Crafting “Artificial Intelligence”

A passionate advocate of symbolic approaches, mathematician John McCarthy is often credited with inventing the term “artificial intelligence,” including himself: “I invented the term artificial intelligence,” he explained, “when we were trying to raise money for a summer.” study” to aim at “the long-term goal of achieving intelligence at the human level.” The “summer study” in question was titled “The Dartmouth Summer Research Project on Artificial Intelligence,” and the requested funding came from the Rockefeller Foundation. At the time, a junior professor of mathematics at Dartmouth, McCarthy was assisted in introducing him to Rockefeller by his former mentor Claude Shannon. As McCarthy describes the positioning of the term, “Shannon thought artificial intelligence was too flashy a term and could attract unfavorable attention.” However, McCarthy wanted to avoid overlap with the existing field of “automata studies” (including “neural networks” and Turing machines) and took a position to declare a new field. “So I decided not to fly any more false flags.” The ambition was huge; the 1955 proposal stated that “every aspect of learning or any other characteristic of intelligence can, in principle, be described with such precision that a machine can be made to simulate it.” McCarthy ended up with more brain modelers than axiomatic mathematicians of the kind he wanted at the 1956 meeting, which came to be known as the Dartmouth Workshop. The event saw the coming together of various, often conflicting, efforts to make digital computers perform tasks considered intelligent, yet as historian of artificial intelligence Jonnie Penn argues, the absence of psychological expertise at the workshop meant that the description of the intelligence was “informed primarily by a set of specialists working outside of the human sciences.” Each participant saw the roots of their company differently. McCarthy recalled, “everyone who was there was pretty stubborn in following the ideas that had before I came, and as far as I could see, there was no real exchange of ideas.

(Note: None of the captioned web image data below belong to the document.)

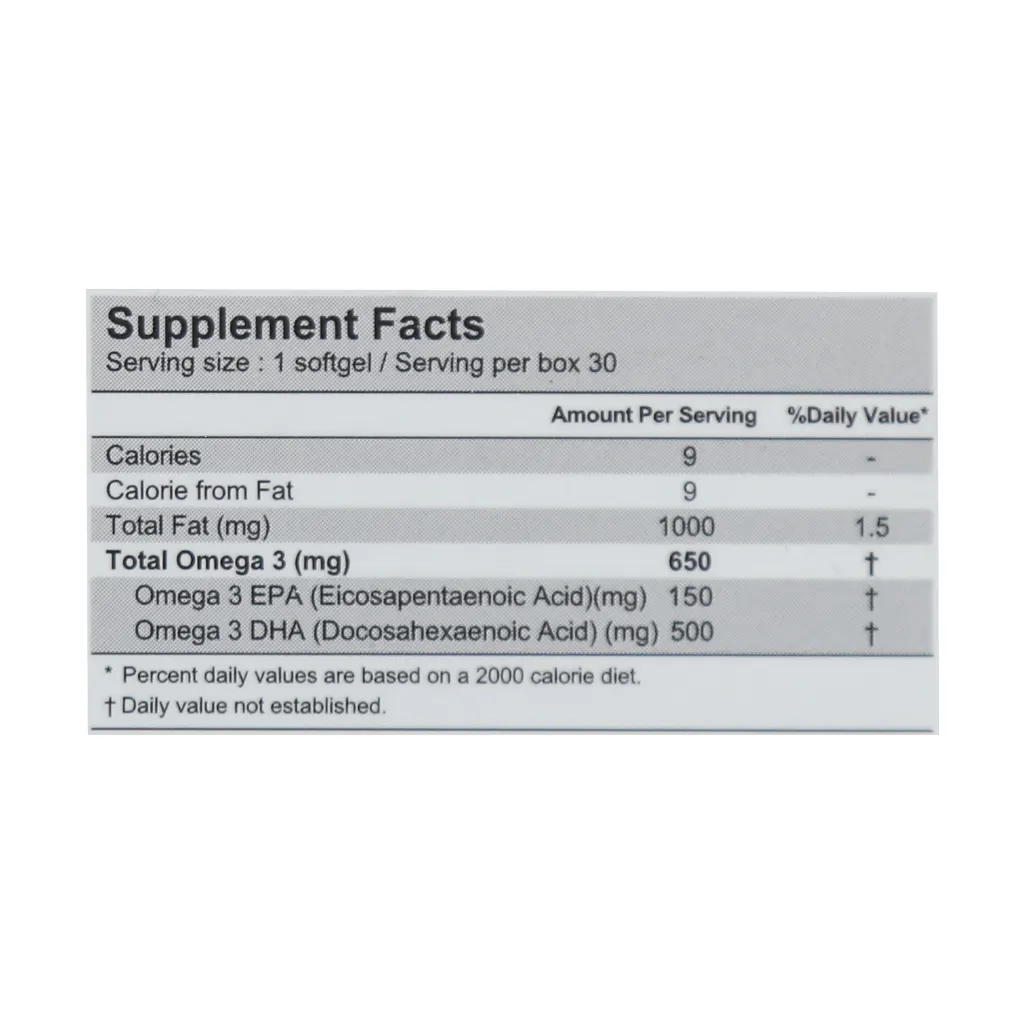 امگا 3 کپسول نرم DHA آکواتیک بالا 30 عددی کارن | تمرکز و سلامت قلب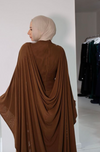 ALUYA MESH DRAPED CAPE BY BBXBRAND BROWN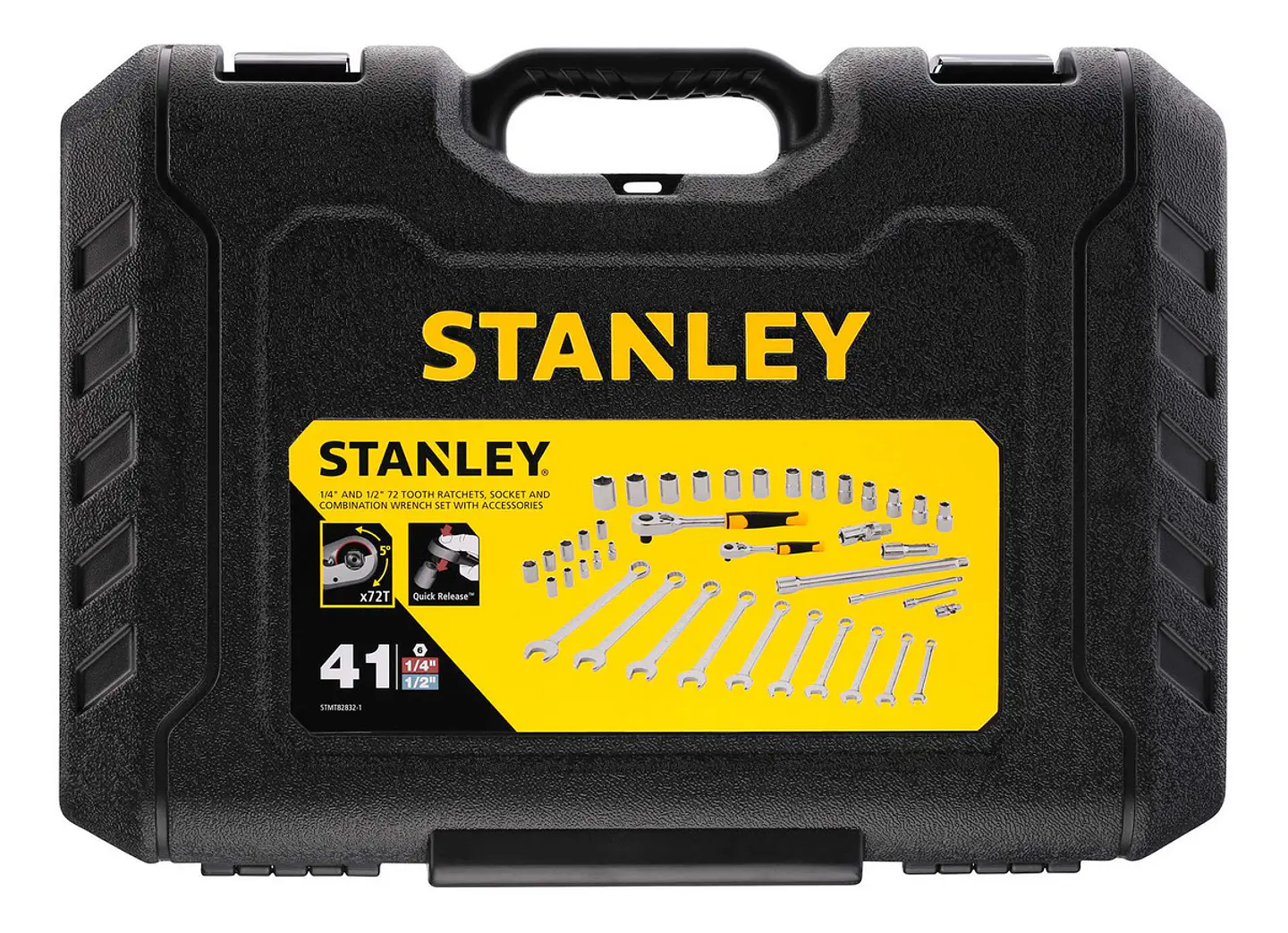 SET MECANICO 41 PIEZAS LLAVES Y DADOS MOD STMT82832-1 STANLEY 2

Like Turing’s 1950 paper, the 1955 proposal for a summer workshop on artificial intelligence seems incredibly prescient in retrospect. The seven problems that McCarthy, Shannon, and their collaborators set out to study became mainstays of computer science and the field of artificial intelligence:

  1. “Automatic computers” (programming languages)

  2. “How can you program a computer to use a language?” (natural language processing)

  3. “Neuron Nets” (neural networks and deep learning)

  4. “Theory of the Size of a Calculation” (computational complexity)

  5. “Self-improvement” (machine learning)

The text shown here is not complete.